Hormonen
Een baby met PWS heeft zwakke spieren. Al voor de geboorte is de baby minder krachtig en de moeder voelt daardoor het kind minder goed trappelen in de buik. Na de geboorte voelt het kind aan als een lappenpop.

De verhouding tussen de hoeveelheid vet ten opzichte van spierweefsel is verschoven: er is beduidend meer vet gevormd en minder spier. De spierzwakte kan zodanig zijn dat de baby moeite heeft met drinken. Hij/zij kan niet hard zuigen aan een tepel of een speen. Veel kinderen met PWS krijgen daarom tijdelijk voeding via een neussonde, een slangetje dat door de neus naar de maag loopt. Ook ademhalingsproblemen komen voor. Een kind met PWS zal op latere leeftijd leren zitten, kruipen en lopen: de motorische ontwikkeling loopt achter. Omdat kinderen met PWS vaak te weinig groeihormoon produceren, blijft de ontwikkeling van de spieren achter.
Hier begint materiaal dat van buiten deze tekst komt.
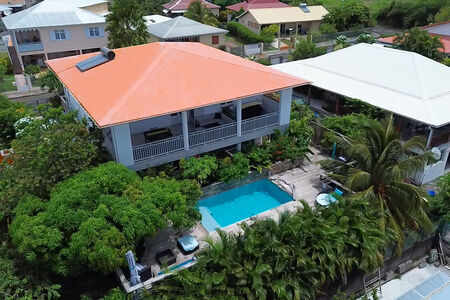 résidence de 4 logements avec piscine à La Trinité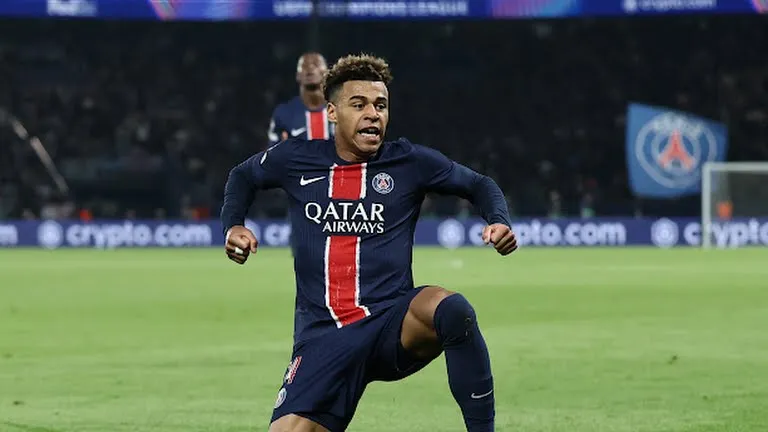 Desire Doue ăn mừng pha làm bàn đẹp mắt vào lưới Aston Villa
Daarom is fysiotherapie zinvol, waarbij het kind wordt aangemoedigd te bewegen en daardoor de spieren te trainen en te ontwikkelen. Zeker wanneer het kind ook groeihormoon krijgt toegediend heeft dit een positief effect. Ook op latere leeftijd is behandeling met groeihormoon belangrijk.
Eetstoornis
In de peuterleeftijd gaan mensen met PWS een eetstoornis vertonen: ze hebben steeds minder een gevoel van verzadiging tijdens en na een maaltijd. Hierdoor zijn ze in staat grote hoeveelheden te eten en bestaat de kans dat ze tussen de maaltijden door op zoek gaan naar voedsel. In de hersenen spelen meerdere hormonen een rol bij het verzadigingsgevoel. Eén van deze hormonen is oxytocine. Deze hormonen zijn vaak verstoord bij mensen met PWS.

Geslachtsorganen
In de hypofyse worden de hormonen LH en FSH gemaakt, waarvan de aanmaak en de afgifte aan het bloed geregeld wordt door de hypothalamus. Deze hormonen zijn in het foetale stadium betrokken bij de ontwikkeling van de geslachtsorganen, vervolgens in de beginnende puberteit bij de ontwikkeling van de volwassen geslachtsorganen, en bij volwassenen zijn ze betrokken bij de menstruele cyclus en de stimulatie van de spermaproductie. Het ontbreken of de verminderde aanwezigheid van LH en FSH heeft dus een effect op de ontwikkeling van het geslachtsorgaan: bij jongens zijn de ballen vaak klein en niet ingedaald in de balzak en is de penis soms kleiner. Bij meisjes komt de puberteit soms niet goed op gang of blijft de menstruatie uit.